◆ RECORDS FOR THIS EXERCISE ◆
-*-

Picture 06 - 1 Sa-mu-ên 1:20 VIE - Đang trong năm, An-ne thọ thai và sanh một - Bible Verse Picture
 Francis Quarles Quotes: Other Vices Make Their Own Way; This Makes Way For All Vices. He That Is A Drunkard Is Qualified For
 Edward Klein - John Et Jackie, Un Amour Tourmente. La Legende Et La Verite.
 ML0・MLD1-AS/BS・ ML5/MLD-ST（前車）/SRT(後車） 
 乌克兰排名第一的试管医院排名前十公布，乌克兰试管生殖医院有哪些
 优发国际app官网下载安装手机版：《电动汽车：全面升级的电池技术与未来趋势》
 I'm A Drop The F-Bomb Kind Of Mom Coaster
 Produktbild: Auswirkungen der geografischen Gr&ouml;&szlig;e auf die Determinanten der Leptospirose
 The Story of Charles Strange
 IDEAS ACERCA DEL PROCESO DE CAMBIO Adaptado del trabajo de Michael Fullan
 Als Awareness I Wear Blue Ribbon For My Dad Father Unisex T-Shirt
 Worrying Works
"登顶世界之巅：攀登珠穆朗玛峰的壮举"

-*-

◆ DIRECTIONS FOR THIS TASK ◆
Referring to the material above, set down exactly the lines between the line with "优发国际app官网下载安装手机版：《电动汽车：全面升级的电池技术与未来趋势》" and the line with "IDEAS ACERCA DEL", inclusive, and no other lines.

◆ EXERCISE RESPONSE ◆
 优发国际app官网下载安装手机版：《电动汽车：全面升级的电池技术与未来趋势》
 I'm A Drop The F-Bomb Kind Of Mom Coaster
 Produktbild: Auswirkungen der geografischen Gr&ouml;&szlig;e auf die Determinanten der Leptospirose
 The Story of Charles Strange
 IDEAS ACERCA DEL PROCESO DE CAMBIO Adaptado del trabajo de Michael Fullan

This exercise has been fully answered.